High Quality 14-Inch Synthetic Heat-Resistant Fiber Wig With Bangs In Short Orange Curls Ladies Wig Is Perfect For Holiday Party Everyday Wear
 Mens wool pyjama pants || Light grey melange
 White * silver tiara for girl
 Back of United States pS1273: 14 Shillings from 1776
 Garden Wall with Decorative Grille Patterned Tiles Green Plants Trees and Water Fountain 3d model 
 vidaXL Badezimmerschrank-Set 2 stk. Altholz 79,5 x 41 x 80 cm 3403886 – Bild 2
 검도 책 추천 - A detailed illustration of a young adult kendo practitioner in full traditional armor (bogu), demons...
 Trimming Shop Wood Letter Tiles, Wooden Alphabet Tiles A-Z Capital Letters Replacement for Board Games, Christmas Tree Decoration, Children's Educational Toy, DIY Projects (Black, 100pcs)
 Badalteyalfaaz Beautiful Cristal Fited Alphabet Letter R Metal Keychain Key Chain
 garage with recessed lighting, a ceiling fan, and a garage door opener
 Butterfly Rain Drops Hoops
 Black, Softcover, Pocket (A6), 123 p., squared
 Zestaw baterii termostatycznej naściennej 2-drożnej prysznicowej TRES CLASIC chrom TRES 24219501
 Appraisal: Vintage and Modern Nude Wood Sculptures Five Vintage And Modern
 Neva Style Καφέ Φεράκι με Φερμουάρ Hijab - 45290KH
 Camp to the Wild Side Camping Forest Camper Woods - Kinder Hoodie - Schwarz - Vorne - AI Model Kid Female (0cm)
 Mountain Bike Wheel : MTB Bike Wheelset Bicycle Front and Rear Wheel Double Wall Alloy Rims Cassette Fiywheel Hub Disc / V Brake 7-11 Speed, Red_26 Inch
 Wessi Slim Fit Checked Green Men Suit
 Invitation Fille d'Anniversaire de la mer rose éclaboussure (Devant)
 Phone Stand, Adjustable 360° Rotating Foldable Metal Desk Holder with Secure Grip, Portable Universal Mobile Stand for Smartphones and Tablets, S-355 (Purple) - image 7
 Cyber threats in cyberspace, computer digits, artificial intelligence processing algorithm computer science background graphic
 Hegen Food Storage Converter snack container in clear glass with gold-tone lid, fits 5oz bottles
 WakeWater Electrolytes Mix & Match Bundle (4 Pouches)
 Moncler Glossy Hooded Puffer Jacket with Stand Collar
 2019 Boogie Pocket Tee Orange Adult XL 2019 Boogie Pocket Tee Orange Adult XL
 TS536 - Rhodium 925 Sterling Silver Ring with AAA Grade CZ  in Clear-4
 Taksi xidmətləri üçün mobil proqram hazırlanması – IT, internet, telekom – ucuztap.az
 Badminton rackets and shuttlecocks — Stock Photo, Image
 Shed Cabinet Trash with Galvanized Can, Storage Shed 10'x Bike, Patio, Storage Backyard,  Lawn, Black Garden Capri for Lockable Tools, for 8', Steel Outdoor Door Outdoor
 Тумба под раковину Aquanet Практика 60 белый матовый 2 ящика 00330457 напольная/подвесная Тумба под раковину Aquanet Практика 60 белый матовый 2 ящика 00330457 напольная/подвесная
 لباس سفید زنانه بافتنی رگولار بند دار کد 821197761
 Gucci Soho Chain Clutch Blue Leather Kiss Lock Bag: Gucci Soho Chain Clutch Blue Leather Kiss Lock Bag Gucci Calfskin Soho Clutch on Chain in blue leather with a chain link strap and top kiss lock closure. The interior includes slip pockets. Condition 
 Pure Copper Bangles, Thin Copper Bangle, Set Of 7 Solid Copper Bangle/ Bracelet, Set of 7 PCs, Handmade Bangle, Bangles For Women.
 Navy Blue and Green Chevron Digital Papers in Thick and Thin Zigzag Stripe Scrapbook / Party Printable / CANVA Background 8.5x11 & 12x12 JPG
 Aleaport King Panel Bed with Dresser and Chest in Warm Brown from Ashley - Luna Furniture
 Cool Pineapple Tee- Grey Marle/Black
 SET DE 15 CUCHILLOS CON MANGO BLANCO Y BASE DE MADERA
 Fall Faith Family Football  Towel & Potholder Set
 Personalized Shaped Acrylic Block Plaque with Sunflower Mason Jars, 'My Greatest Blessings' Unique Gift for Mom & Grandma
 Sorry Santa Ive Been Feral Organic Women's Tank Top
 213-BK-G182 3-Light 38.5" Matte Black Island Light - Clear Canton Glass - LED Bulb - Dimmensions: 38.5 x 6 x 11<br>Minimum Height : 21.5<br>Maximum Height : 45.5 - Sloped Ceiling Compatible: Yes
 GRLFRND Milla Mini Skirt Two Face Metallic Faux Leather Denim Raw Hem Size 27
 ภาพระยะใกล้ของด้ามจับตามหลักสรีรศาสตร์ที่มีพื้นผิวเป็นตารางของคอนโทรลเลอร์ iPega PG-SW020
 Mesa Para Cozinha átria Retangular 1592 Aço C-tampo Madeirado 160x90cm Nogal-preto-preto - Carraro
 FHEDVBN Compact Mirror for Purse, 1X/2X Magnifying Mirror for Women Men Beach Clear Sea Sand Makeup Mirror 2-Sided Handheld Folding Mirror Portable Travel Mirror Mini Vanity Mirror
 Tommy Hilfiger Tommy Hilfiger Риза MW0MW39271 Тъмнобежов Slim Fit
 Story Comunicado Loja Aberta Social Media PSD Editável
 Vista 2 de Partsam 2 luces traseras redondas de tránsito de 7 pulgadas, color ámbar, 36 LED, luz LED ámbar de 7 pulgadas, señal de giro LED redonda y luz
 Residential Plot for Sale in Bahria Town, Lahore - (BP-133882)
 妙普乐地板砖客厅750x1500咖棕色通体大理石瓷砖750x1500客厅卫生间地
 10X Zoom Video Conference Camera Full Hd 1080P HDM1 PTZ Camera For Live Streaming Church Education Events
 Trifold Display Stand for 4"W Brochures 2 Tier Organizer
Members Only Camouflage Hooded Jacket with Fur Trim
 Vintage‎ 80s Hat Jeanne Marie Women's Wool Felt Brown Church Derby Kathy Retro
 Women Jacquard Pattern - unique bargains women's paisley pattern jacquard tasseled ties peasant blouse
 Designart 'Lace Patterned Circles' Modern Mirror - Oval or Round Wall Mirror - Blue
--------
Answer with the number alone after tallying the lines of the entries above that contain the word "Garden".

2